### Exercise instructions:
Leave the pictures out and reproduce, exactly, the lines from the one with "3 villas and" through the end of the entries below.

═══ Input data ═══

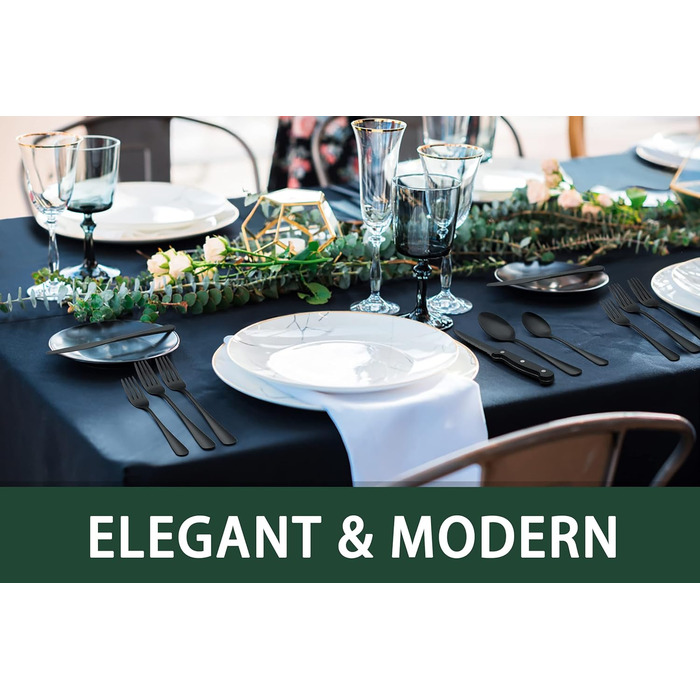 Чорний столовий набір приладів: 24 ложки, виделки, ножі (набір на 4 персони), нержавіюча сталь, дзеркальне покриття, для дому та ресторану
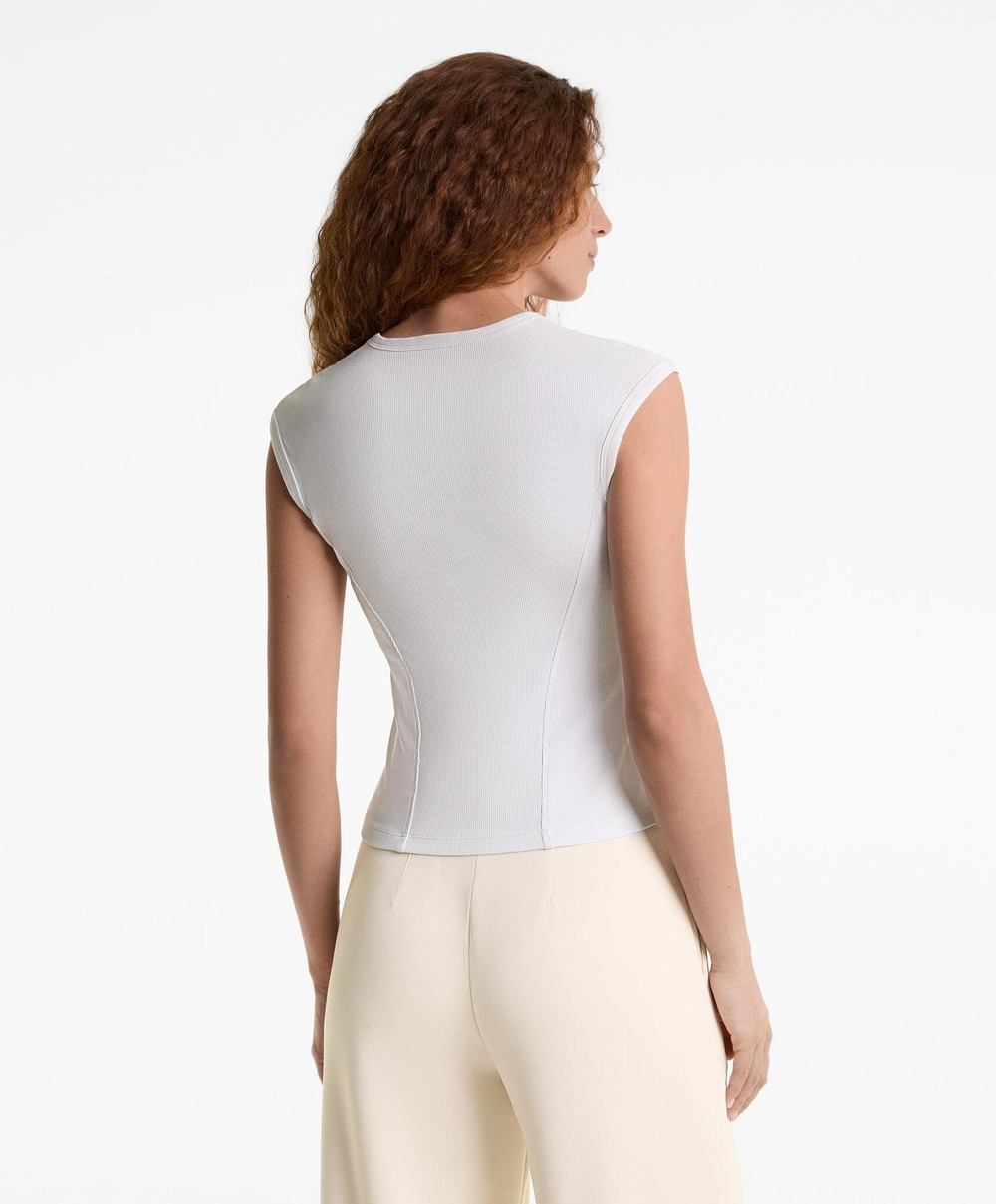 Oysho Футболка с короткими рукавами в рубчик из хлопка и модала, белый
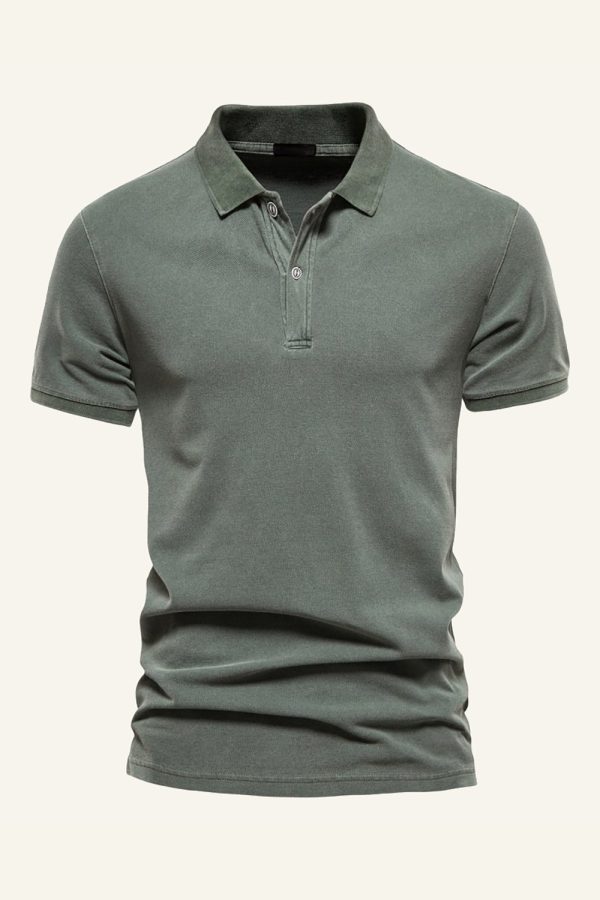 Klassiek Grijs Groen Regular Fit Korte Mouwen Heren Polo Shirt Verkauf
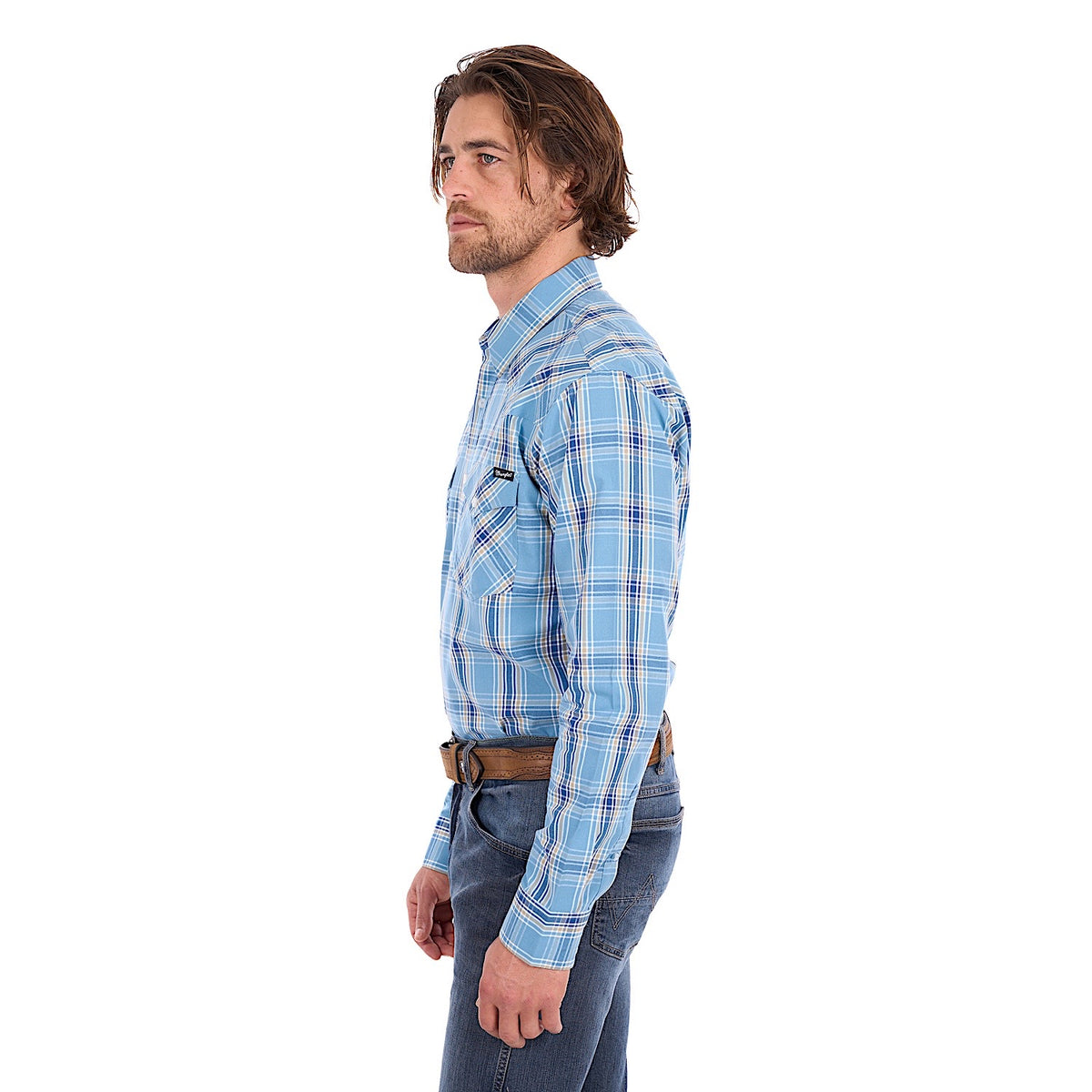 Wrangler Men's Zak Shirt - Teal / Tan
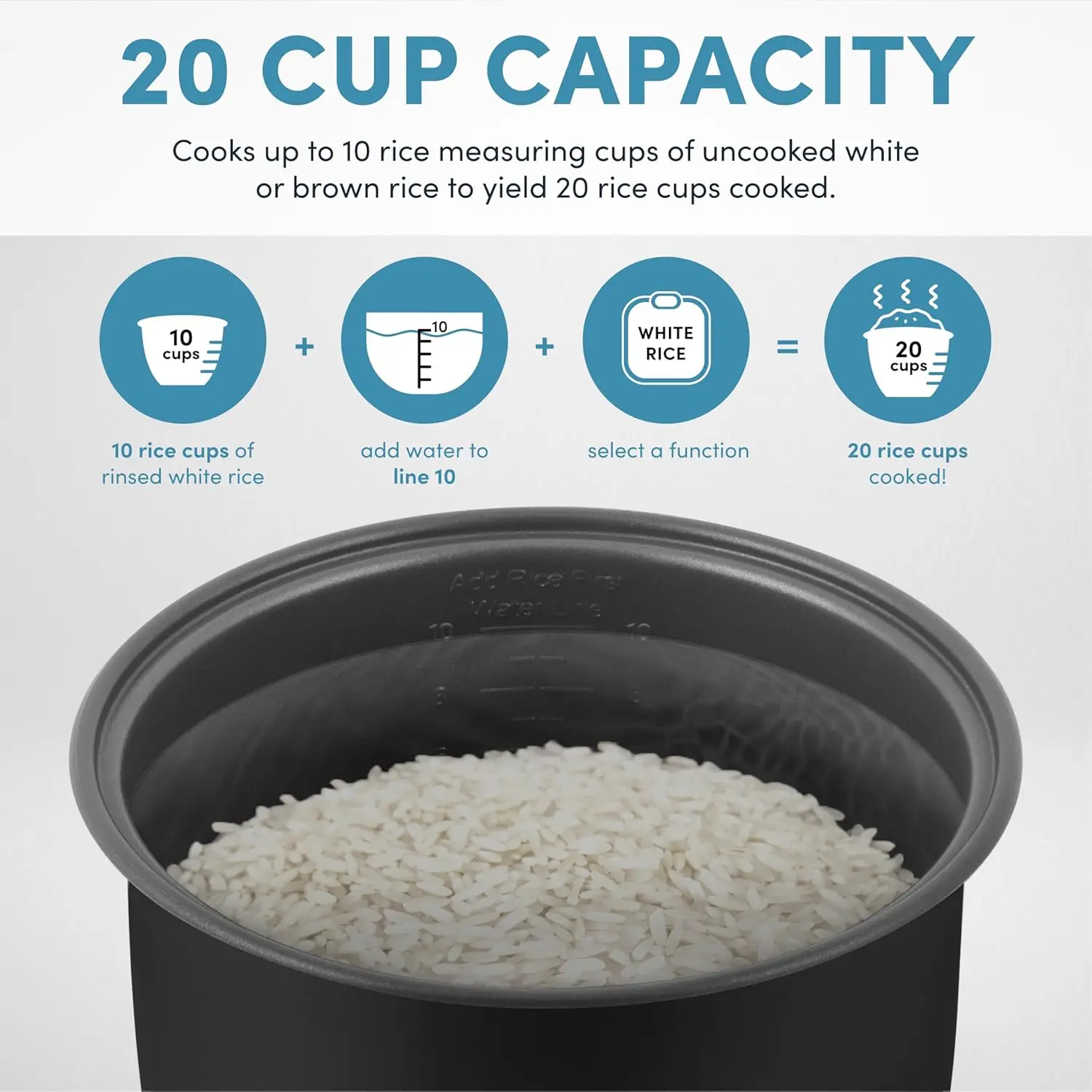 Professional 20-Cup (Cooked) / 5Qt. Digital Rice Cooker, Steamer, and Slow Cooker Pot with 10 Smart Cooking Modes 6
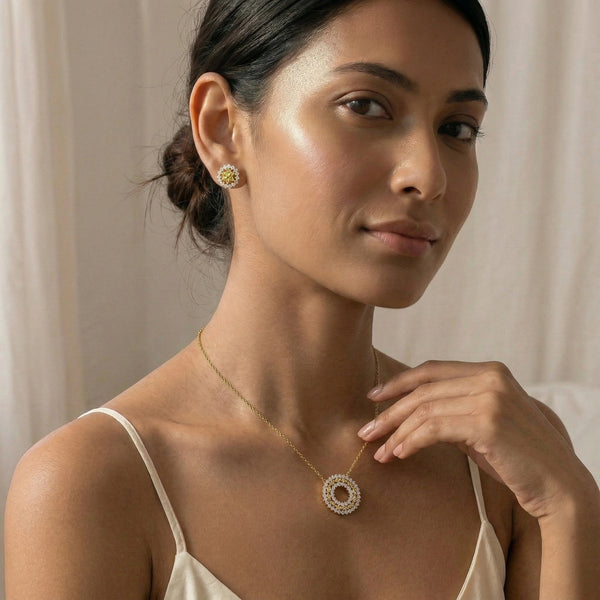 Golden Hour Studs - Lab Diamond and Citrine Earrings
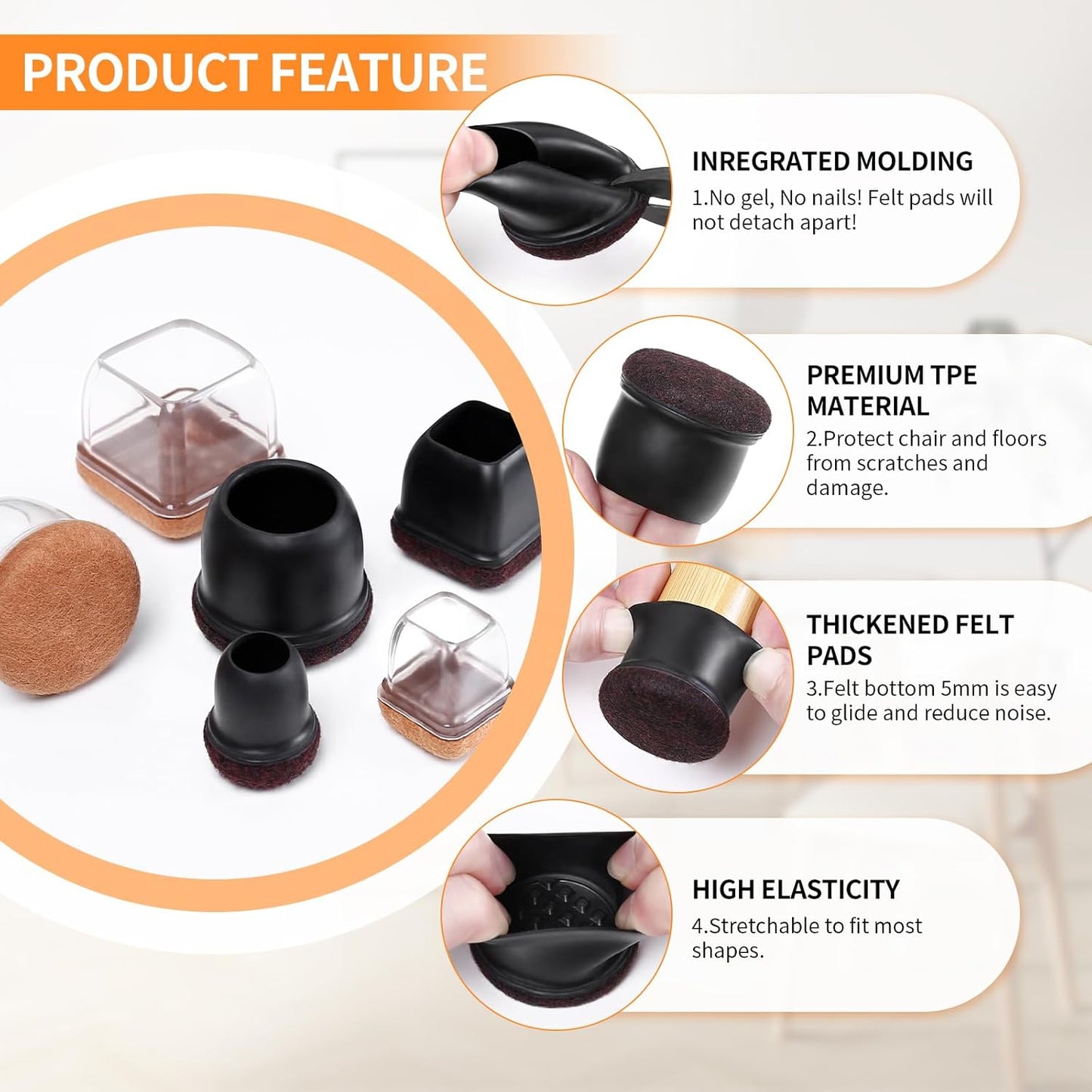 Ezprotekt 24 Pcs Round Silicone Chair Leg Floor Protectors with Felt, Floor Protectors for Chair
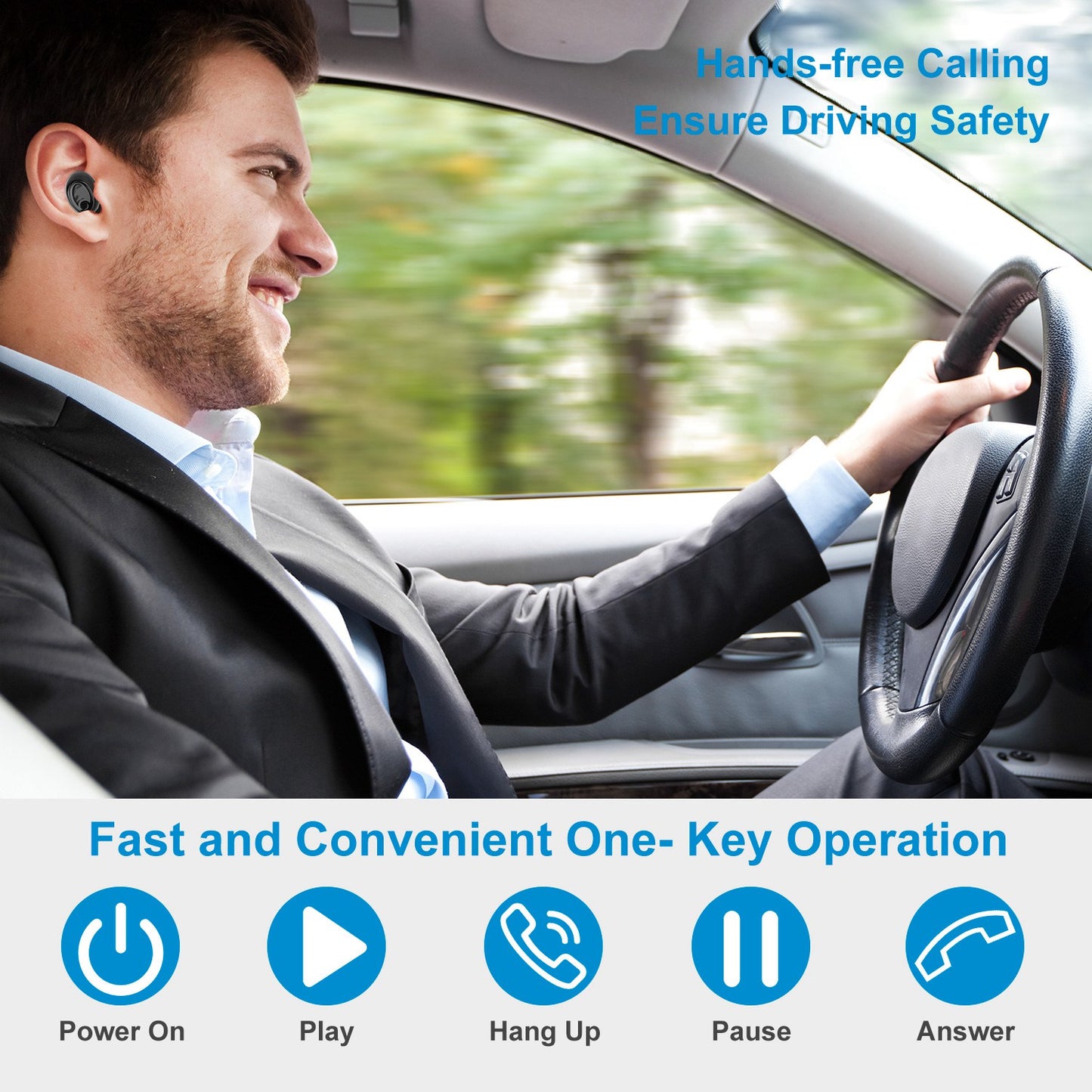 Wireless Single Earbud Wireless 4.1 Magnetic Charging In-ear Earpiece 6 Hours Working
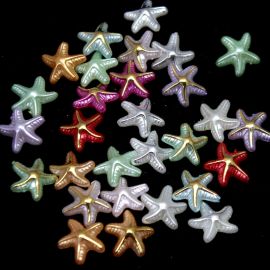 Conta de Plástico ABS  / 18mm - Estrela com Detalhe Dourado (10 gramas) - Cores Diversas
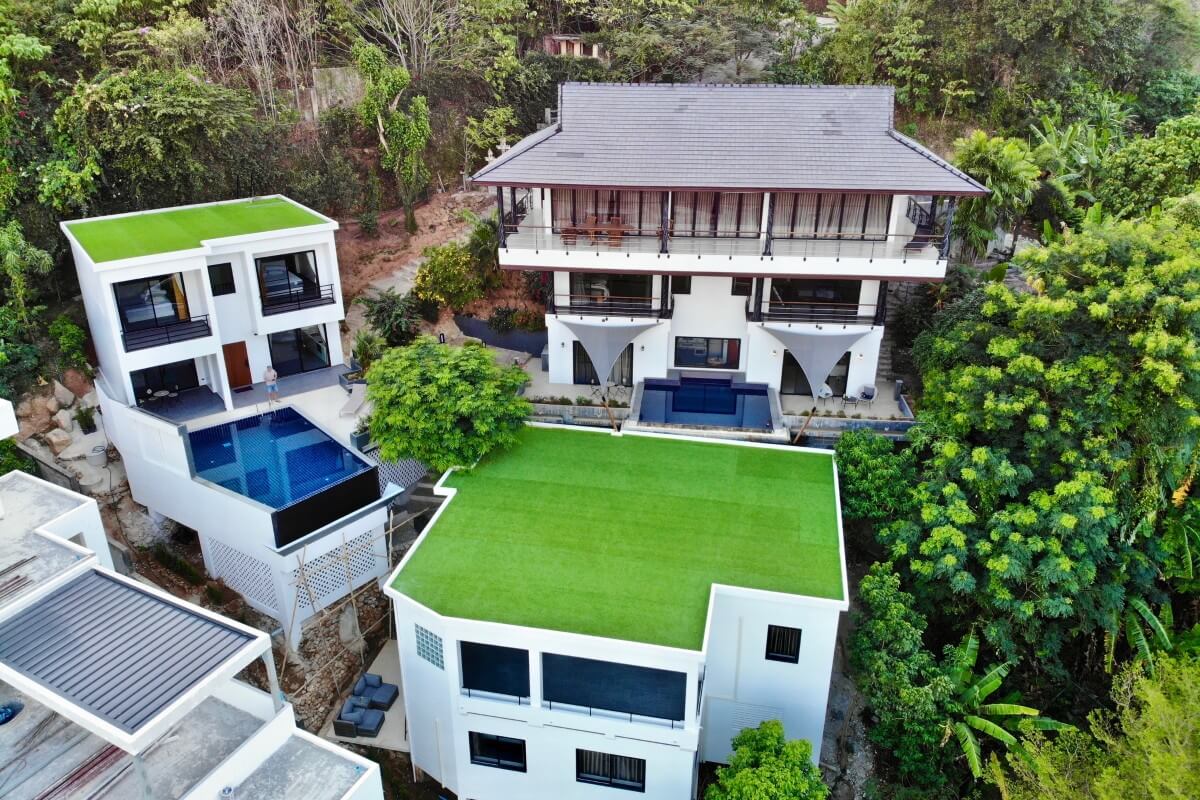 3 villas and 1 apartment hillside estate in Nai Harn, Phuket aerial view PSV-NAH-1542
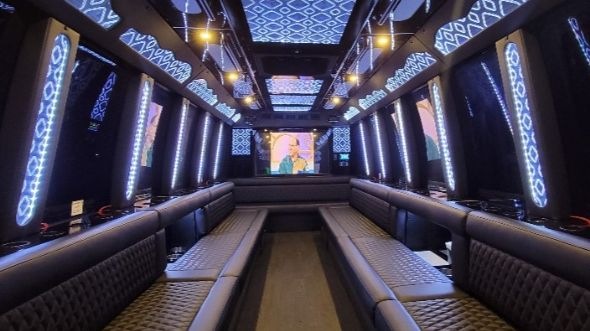 surprise 28 passenger party bus inside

═══

### Solution for this problem:
 3 villas and 1 apartment hillside estate in Nai Harn, Phuket aerial view PSV-NAH-1542
 surprise 28 passenger party bus inside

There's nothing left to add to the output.